It was alleged that on the further hearing before the register and receiver of the Seattle Land Office on December 16, 1904, the evidence conclusively showed that the improvements, including the dwelling house and residence of Carter, were all situated on Lot 2 of said Section 2, Township 27 north, Range 10 east; that said Lot 2 is located in and is a part of the Northwest Quarter of the Northwest Quarter of said section, and that the east line of said lot is located a quarter of a mile west of the west line of the Northeast Quarter of Section 2; that the evidence taken at the hearing further showed that at some time prior to said hearing Carter had constructed or taken part in the construction of a trail up Trout Creek and extending over and across a part of the Northeast Quarter of Section 2; that about the year 1899 there had been constructed on the northwesterly part of the Northeast Quarter of Section 2 a small stable or barn and that Carter had at times used said stable or barn for storage purposes; and that upon the evidence taken at said rehearing the register and receiver of said Seattle Land Office held and decided, on January 21, 1905, that all of said Carter's improvements were located on said Lot 2 of said Section 2.
The complaint further alleged that on the thirtieth day of June, 1905, the Commissioner of the General Land Office, on the evidence taken at the rehearing, held and decided that on September 19, 1893, Melvin J. Carter purchased the claim, cabin and improvements of a former settler; that he built for himself and family a new cabin on the claim purchased; that he lived in the cabin and cultivated a small tract of land on the claim; that about a year after his settlement Carter constructed trails across Section 2 and up Trout Creek for the purpose of getting to different places on his claim; that he also built a barn or stable and used it for storing supplies; that a part of the trails and the stable or barn were on the Northeast Quarter of Section 2, and that the dwelling house and cultivated land were all on the Northwest Quarter of said Section 2 about one-fourth of a mile west of the west line of the Northeast Quarter of said section; that notwithstanding that the evidence produced at said rehearing failed to show that Carter ever resided upon, improved or cultivated any part of the Northeast Quarter of Section 2, and did conclusively show that Carter's dwelling house and cultivated land and improvements, except only said trails and stable or barn, which were constructed after the railway company's selection of said land, were situated more than one-fourth of a mile from Northeast Quarter and the Commissioner of the General Land Office found such to be the facts, said Commissioner wrongfully and unlawfully, it is alleged, and in fraud of the railway company's rights to the land and to complete its selection thereof and to receive the patent of the United States therefor, held, as a matter of law, that Carter's residence was established and maintained in good faith and in the belief that his dwelling house was upon the land embraced in his homestead application and that such residence, taken in connection with the subsequent construction of trails and the stable or barn on the Northeast Quarter of said Section 2, was a constructive residence on said Northeast Quarter, and that said Carter should be permitted to make homestead entry of said land and that the selection thereof by the St. Paul, Minneapolis Manitoba Railway Company should be canceled.

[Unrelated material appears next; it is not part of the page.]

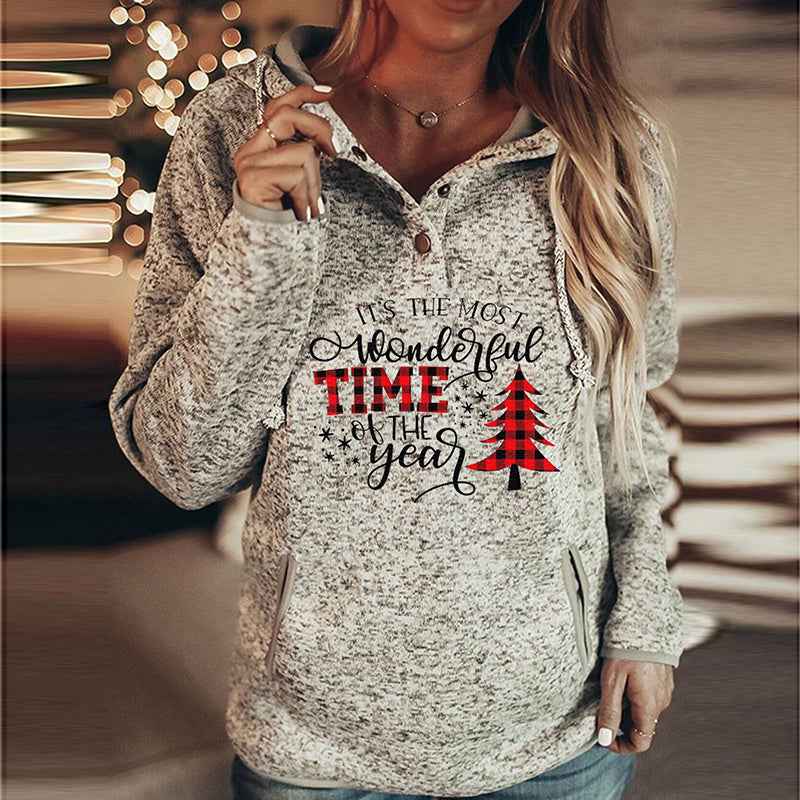 Christmas print hoodie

The complaint further alleged that the Railway Company appealed to the Secretary of the Interior from the decision of the Commissioner of the General Land Office, alleging that Carter's dwelling house and improvements were situated more than a quarter of a mile from the Northeast Quarter; that he had never resided upon, occupied, cultivated or in any manner improved the land embraced in his homestead application; and that his acts did not constitute a settlement upon said Northeast Quarter within the meaning of the homestead law; that on the twenty-third day of November, 1905, the Secretary of the Interior passing on said appeal, held the facts in the case to be as found by the Commissioner in his decision, and on the facts, wrongfully and in fraud of the right of the Railway Company to said land, held and decided as a matter of law that as Carter was shown to have been a bona fide homestead settler upon unsurveyed land at the time the Railway Company made selection of the Northeast Quarter of said Section 2 and subsequently complied with the law as to residence and improvements, he was constructively a settler upon said Northeast Quarter, and that his application to enter the land under the homestead law should be allowed and the selection thereof by the Railway Company canceled.

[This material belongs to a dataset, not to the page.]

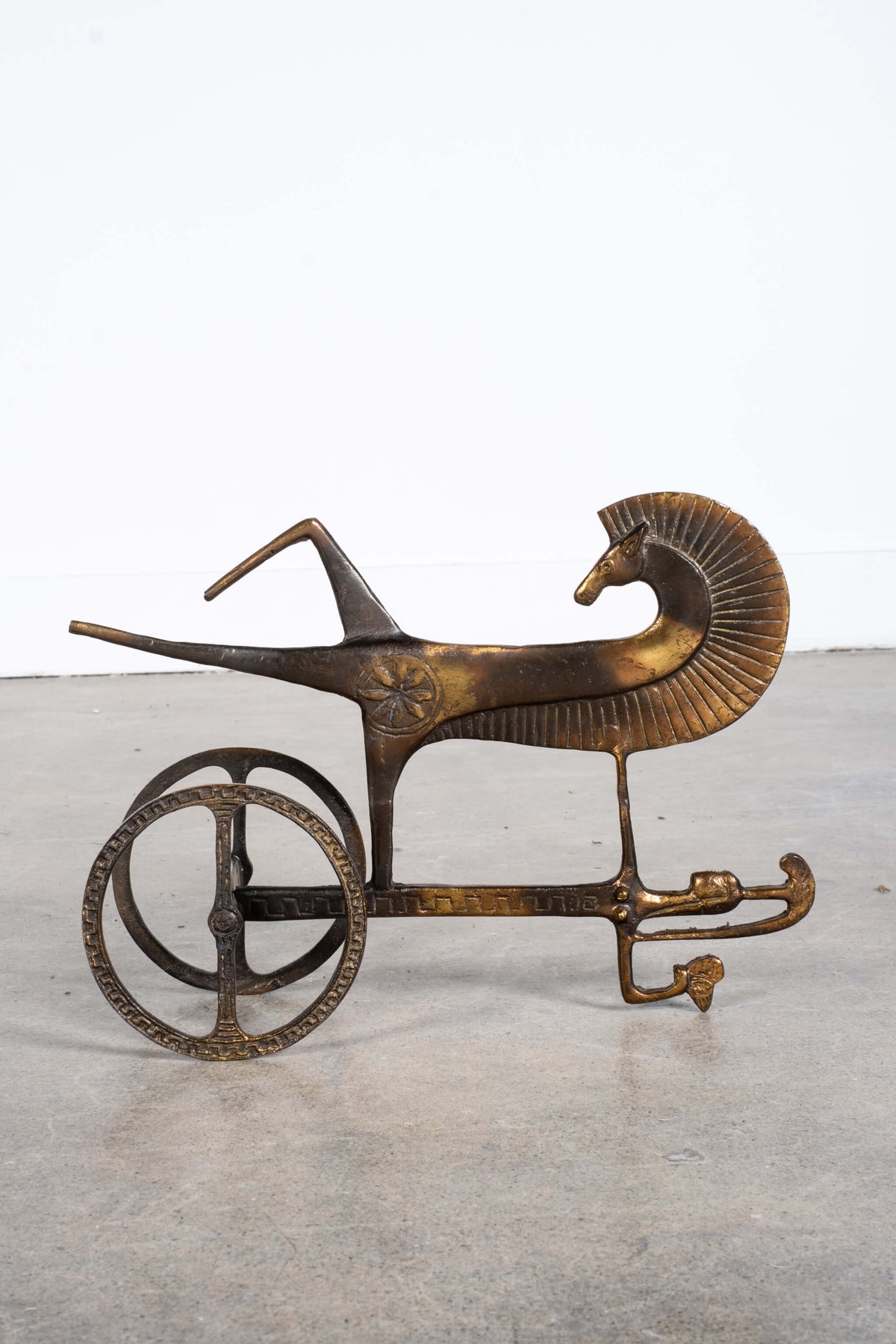 Brass Horse + Chariot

It was further averred that the Railway Company's selection of the Northeast Quarter of Section 2 was canceled, pursuant to the decision of the Secretary of the Interior, and that afterwards, on the sixteenth day of March, 1906, said Melvin J. Carter was permitted to make, and did make, homestead entry on the Northeast Quarter of Section 2, and that on May 16, 1906, he made the final proofs required, and received a final entry certificate for the land; and that thereafter, on the eighth day of March, 1907, patent of the United States was issued to Carter, conveying to him the legal title to said lands.
It is also averred that the decisions of the Commissioner of the General Land Office and the Secretary of the Interior, and the cancellation of the Railway Company's selection, were wrongfully and erroneously made through a mistake of law, in this, that it was in and by said decisions held that the settlement and residence of Carter upon a tract of land situated one-fourth of a mile distant from the land sought to be entered by him was constructively, and within the meaning of the homestead law of the United States, a settlement upon the land last mentioned.
It was further averred, that on the ninth day of July, 1906, prior to the issuing of patent of the United States to Carter, said Melvin J. Carter and Clara Carter, his wife, granted to the defendant, James A. Hower, as Trustee, their right, title and interest in said Northeast Quarter of Section 2, Township 27 north, Range 10, east, and that the beneficiaries of the trust created by the deed, or the terms and conditions thereof, are not set forth in the deed, and plaintiff has no knowledge or information concerning the beneficiaries or the terms and conditions of the trust; and it was further averred that the defendant Nonpareil Consolidated Copper Company claims an interest or estate in said Section 2 adverse to plaintiff, but that plaintiff has no knowledge or information concerning the nature or extent of the interest so claimed. A like allegation is made as to the defendants Nicholas H. Rudebeck and James McCreery Realty Company. It is averred that the interest of the said defendants, if any they have, is subsequent, subordinate and inferior to the claim of the plaintiff.
The prayer is that the plaintiff be adjudged the owner of the title, and the defendants decreed and required to convey the same to it.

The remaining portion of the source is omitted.